# Muzzle build doc?



## paulharvey (Apr 3, 2019)

Any word on when the build doc for the muzzle will be available?


----------



## Dice1012 (Apr 3, 2019)

paulharvey said:


> Any word on when the build doc for the muzzle will be available?


Yeah that would be great.  I can probably figure it out,  but it is nice to have a reference.


----------



## Robert (Apr 3, 2019)

The only thing holding me back at this point is the drill template,  I need to get the sidechain input jack placement correct.


----------



## paulharvey (Apr 5, 2019)

Right on, yeah that's the thing I was questioning about it. I may just finish my builds without the key input anyway. Not really sure how useful it'll be for guitar rigs anyway.


----------



## raydomz (Apr 10, 2019)

paulharvey said:


> Right on, yeah that's the thing I was questioning about it. I may just finish my builds without the key input anyway. Not really sure how useful it'll be for guitar rigs anyway.


I am in the middle of building this one and after playing a Zuul, I would say the key input is essential if you are looking for (near) complete silence throughout the chain. It allows you to use your clean signal from the guitar to set the threshold as well as act as a gate in the loop. It made my Thrasher completely silent.


----------



## Robert (Apr 10, 2019)

Build docs are now available, sorry for the delay but I wanted to make absolutely certain the positioning of the sidechain jack was correct.

https://www.pedalpcb.com/product/muzzle/ 

FWIW, I know the sidechain input is definitely a plus for high gain rigs, but it's still an excellent gate even without it.


----------



## raydomz (Apr 10, 2019)

Robert said:


> Build docs are now available, sorry for the delay but I wanted to make absolutely certain the positioning of the sidechain jack was correct.
> 
> https://www.pedalpcb.com/product/muzzle/
> 
> FWIW, I know the sidechain input is definitely a plus for high gain rigs, but it's still an excellent gate even without it.


YESS!! Thank you!


----------



## Mothman (Apr 12, 2019)

The schematic in the build doc is nearly impossible to read, a little more resolution in the image will help for debug!


----------



## Robert (Apr 12, 2019)

Mothman said:


> The schematic in the build doc is nearly impossible to read, a little more resolution in the image will help for debug!

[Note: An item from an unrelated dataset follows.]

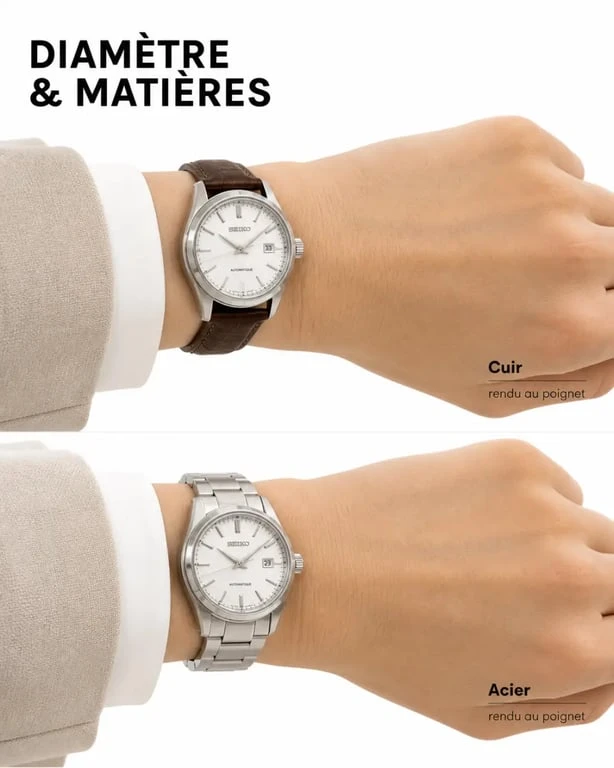 Seiko montres femme portée au poignet, gros plan sur le diamètre et le bracelet
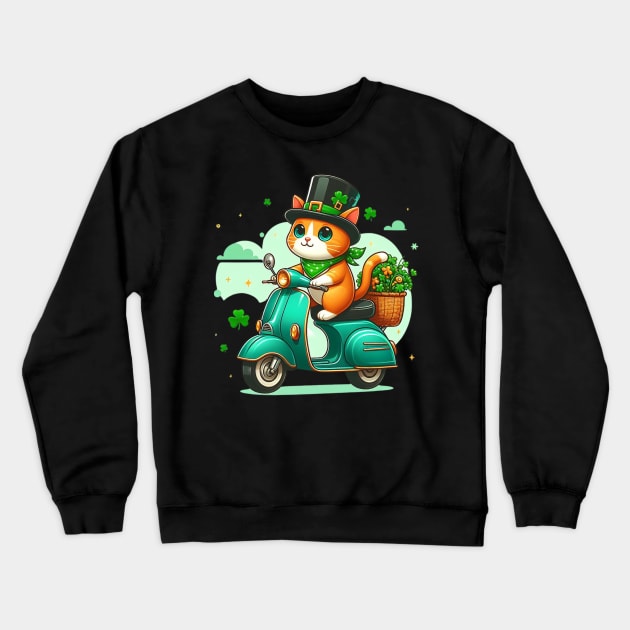 Celebrate St Patricks Day Day with a cute and colorful Cat on a Motorcycle design Crewneck Sweatshirt by click2print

Ahh sorry about that, image compression destroyed it. 

Fixed.


----------



## Mothman (Apr 12, 2019)

Robert said:


> Ahh sorry about that, image compression destroyed it.
> 
> Fixed.


Thanks!


----------



## shawnwhale (Apr 13, 2019)

It looks like OA3 of the 4301 has a graphical error on the inputs. The pin numbers look right, for proper inverting-amp operation, but the inverting and noninverting symbols look swapped relative to the datasheet of the 4301. Is this correct?


----------



## Robert (Apr 14, 2019)

shawnwhale said:


> It looks like OA3 of the 4301 has a graphical error on the inputs. The pin numbers look right, for proper inverting-amp operation, but the inverting and noninverting symbols look swapped relative to the datasheet of the 4301. Is this correct?



Yep.   The schematic (and pinout) is correct, but the symbols are backwards on the graphic.   Nice catch.


----------